### Problem description
In the data below, the copy begins at the line containing "不动产权证书作废公告（一千五百九十六）20260364(图1)" and runs through the last line; repeat those lines exactly, minus the pictures.
##### Dataset excerpt
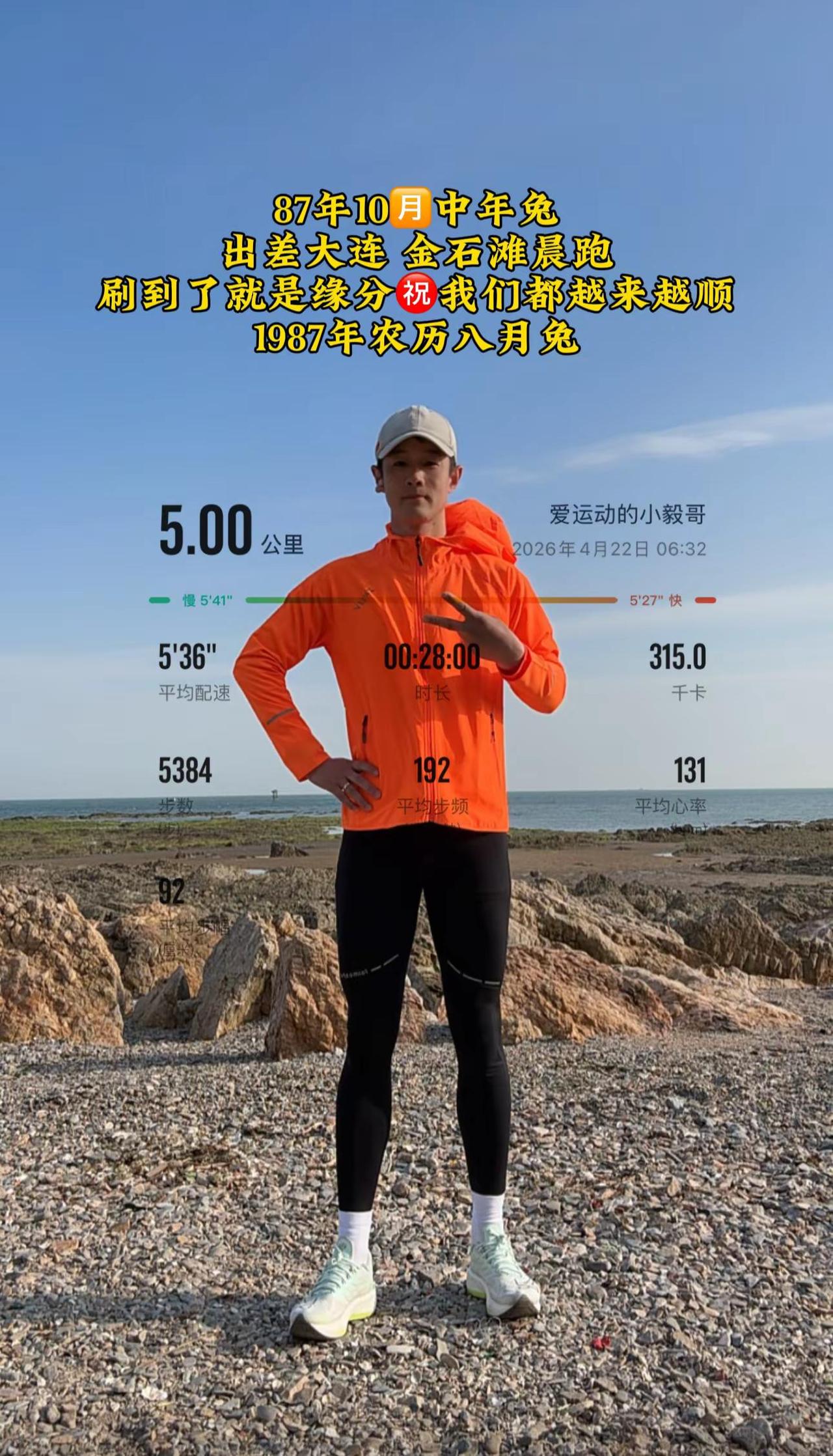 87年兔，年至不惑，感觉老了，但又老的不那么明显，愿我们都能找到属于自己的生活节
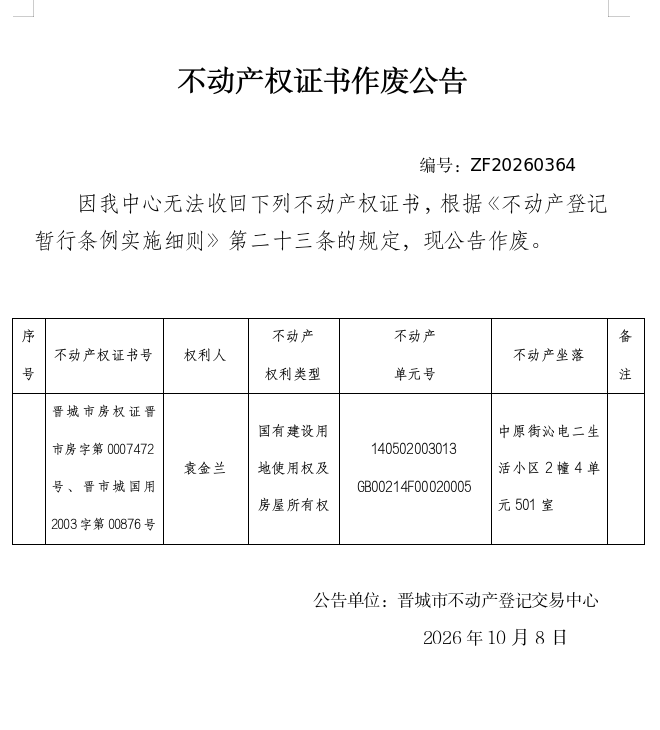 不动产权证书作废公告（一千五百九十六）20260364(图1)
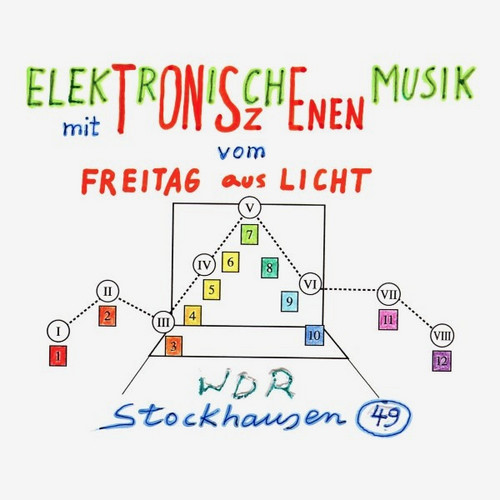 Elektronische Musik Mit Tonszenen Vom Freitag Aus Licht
##########
### Answer for the task
 不动产权证书作废公告（一千五百九十六）20260364(图1)
 Elektronische Musik Mit Tonszenen Vom Freitag Aus Licht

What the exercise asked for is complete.